New Errors and Warnings

The C 7.0 compiler catches more problems and therefore generates more errors and warnings than the C 6.0 compiler. Warning levels are new adjustable, and you can also specify that warnings display only once or not at all. See “Pragma Directives” for information on pragma warning.

Unrecognized escape sequences now generate a level 1 warning instead of level 4 the backslash is an escape sequence in strings and some operating systems use the backslash as a path separator.

The compiler generates a level 1 warning if a header file uses #pragma pack to change the packing size for a structure and does not reset the packing size to the original level.

The following changes to errors and warnings were made in order to conform with the ANSI standard:

A hex escape sequence used as a char constant generates an error if it exceeds the range of type char (or the range of wide characters for type whar_t).

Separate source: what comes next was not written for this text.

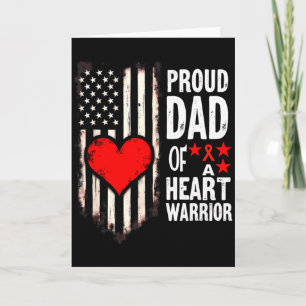 VS-vlag CHD-bewustzijn Trotse vader van een hartkr Kaart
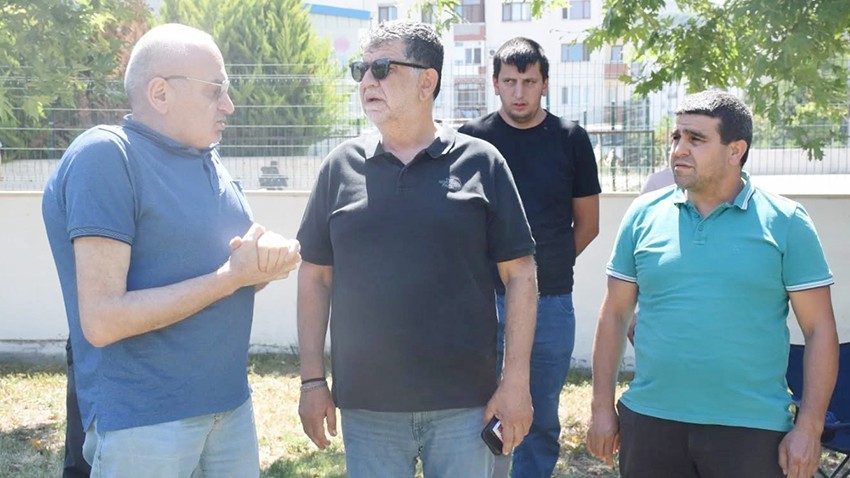 İl Genel Meclis Başkanı Ertuğrul’dan İş Bırakan İşçilere Destek Ziyareti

Overflow on constant expressions now generate warnings.

Declarations that do not declare at least one declarator, tag, or enum member now generate a warning.

Translation units that do not contain at least one external declaration generate warnings.

Attempting to take the address of a register array, either explicitly or implicitly, now generates an error.

Function parameters declared with the auto attribute generate an error.

Block-scope function declarations with a storage-class specifier other than extern generate errors.

When compiling with /Za, the main function must conform to either of the following or the compiler generates an error:

int main( void )

int main( int argc, char *argv[] )

Escaped newline characters in single-line comments (comments preceded by //) now generate a level 1 warning.